Captured in Utrecht, Netherlands at the almighty
Le Guess Who? Festival, where churches tremble and strobes reflect off every holy surface, Live at Le Guess Who? is a document of sustained sonic immolation. Eight members. Two drummers. Multiple stringed instruments. One saxophone. All hammering away at "Reel 25," captured live here shortly after the recorded version which would end up becoming the lead track on their most recent double LP Instruments. A single idea drilling into the molten center of your skull with the grace of a jackhammer ballet. It’s not a show. It’s a slow-motion landslide with amps.
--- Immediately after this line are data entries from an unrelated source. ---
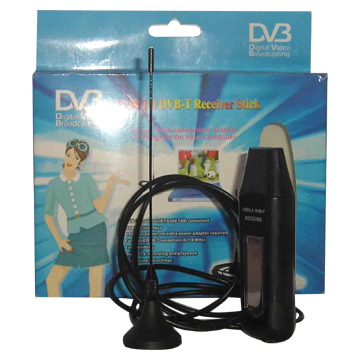  USB DVB-T Receiver (USB DVB-T ресивер)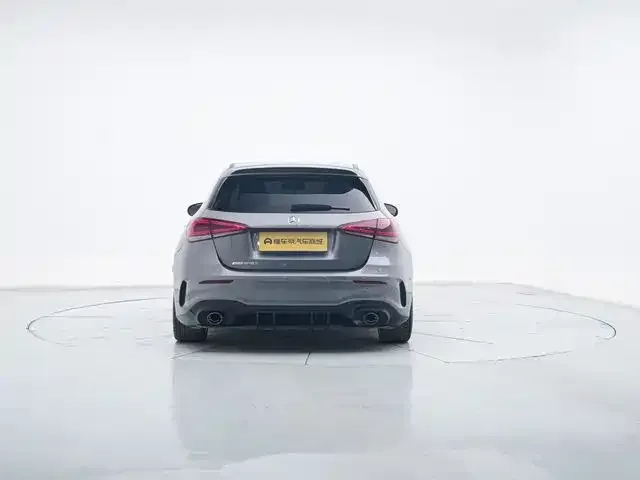 Mercedes-Benz A-Class AMG (Import) 2022 из CN, фото 2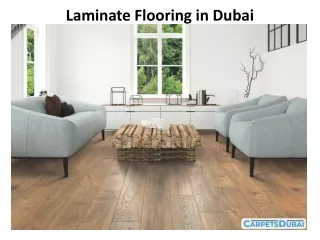 laminate flooring in dubai
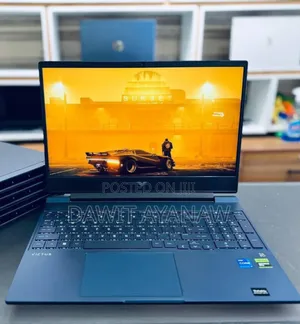 New Laptop HP Victus 16 16GB Intel Core I7 SSD 512GB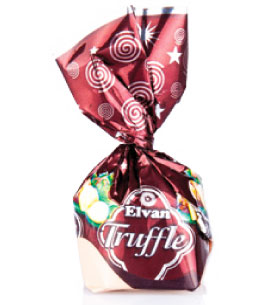  Elvan Truffle   (),     .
And for this particular descent into the drone abyss, Water Damage were joined by two very special fellow travelers & honorary members: Ajay Saggar (Bhajan Bhoy, University Challenged) adding six-string sorcery and smolder, and Patrick Shiroishi, the free-reed exorcist himself who is a guest on 
Instruments and just happened to be at Le Guess Who? as well, channeling ghosts through saxophones like he’s trying to crack the sky. As if Water Damage weren’t already enough of a wall, these two brought the ceiling and the floor.

Water Damage, the Austin psych-drone monolith with the un-Googleable name and the wall-of-amplifiers ethos, doesn’t just flirt with chaos—they drag it behind the van and mic up the gravel. Their motto?
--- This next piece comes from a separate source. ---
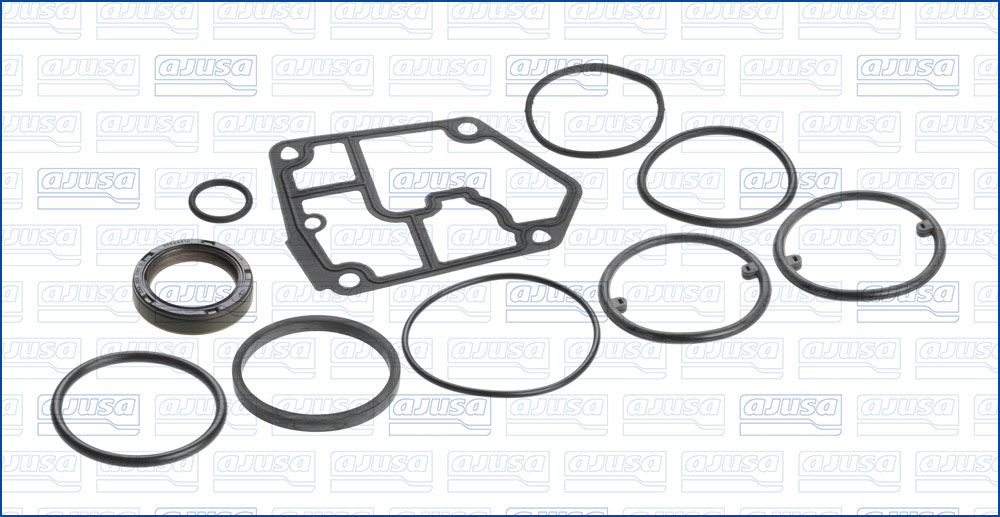 Gasket Kit, crankcase  Art. 54139400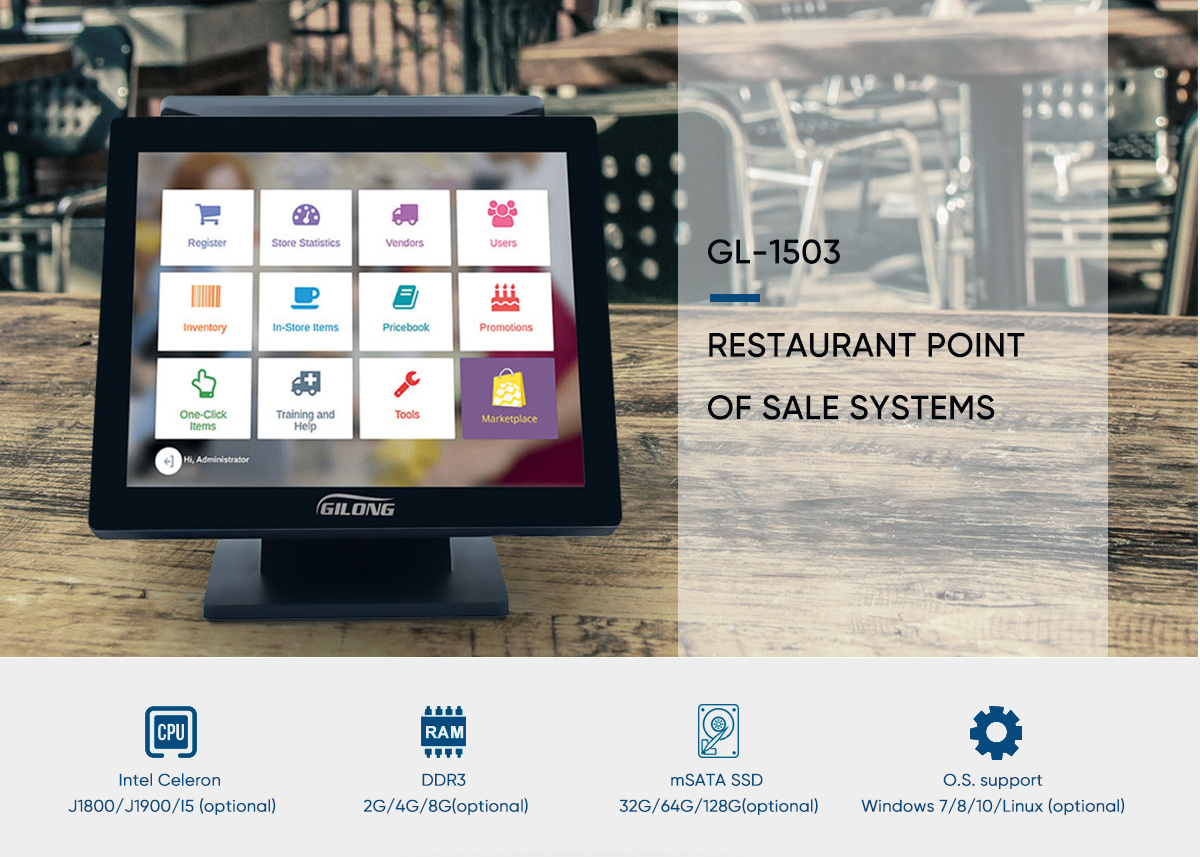 Restaurant-Pos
“Maximal Repetition Minimal Deviation.” Which sounds like the world’s most menacing yoga class or a commandment from some amp-fried cult, and maybe it is.
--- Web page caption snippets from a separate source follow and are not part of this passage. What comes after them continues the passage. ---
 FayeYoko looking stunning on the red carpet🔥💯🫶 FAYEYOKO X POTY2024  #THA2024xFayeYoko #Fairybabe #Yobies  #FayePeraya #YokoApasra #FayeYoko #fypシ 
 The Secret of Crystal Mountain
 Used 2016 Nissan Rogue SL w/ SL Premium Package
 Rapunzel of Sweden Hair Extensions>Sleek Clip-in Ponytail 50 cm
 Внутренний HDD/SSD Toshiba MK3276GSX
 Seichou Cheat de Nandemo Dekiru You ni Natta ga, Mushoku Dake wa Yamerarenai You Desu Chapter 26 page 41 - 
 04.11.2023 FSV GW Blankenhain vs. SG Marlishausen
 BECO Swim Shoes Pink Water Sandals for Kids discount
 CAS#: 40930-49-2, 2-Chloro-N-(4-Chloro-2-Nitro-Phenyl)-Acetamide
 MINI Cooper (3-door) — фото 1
This ain’t no avant-noise chin-stroke either. It’s hot and dense and loud like a steel mill hallucination, and if you find yourself dissociating mid-set, that just means it’s working. This is music that doesn’t “build”—it grinds. It gnaws. And then it blooms. If you're lucky, it leaves you somewhere softer.

Le Guess Who? handed them the altar. Water Damage, Saggar, and Shiroishi set it on fire.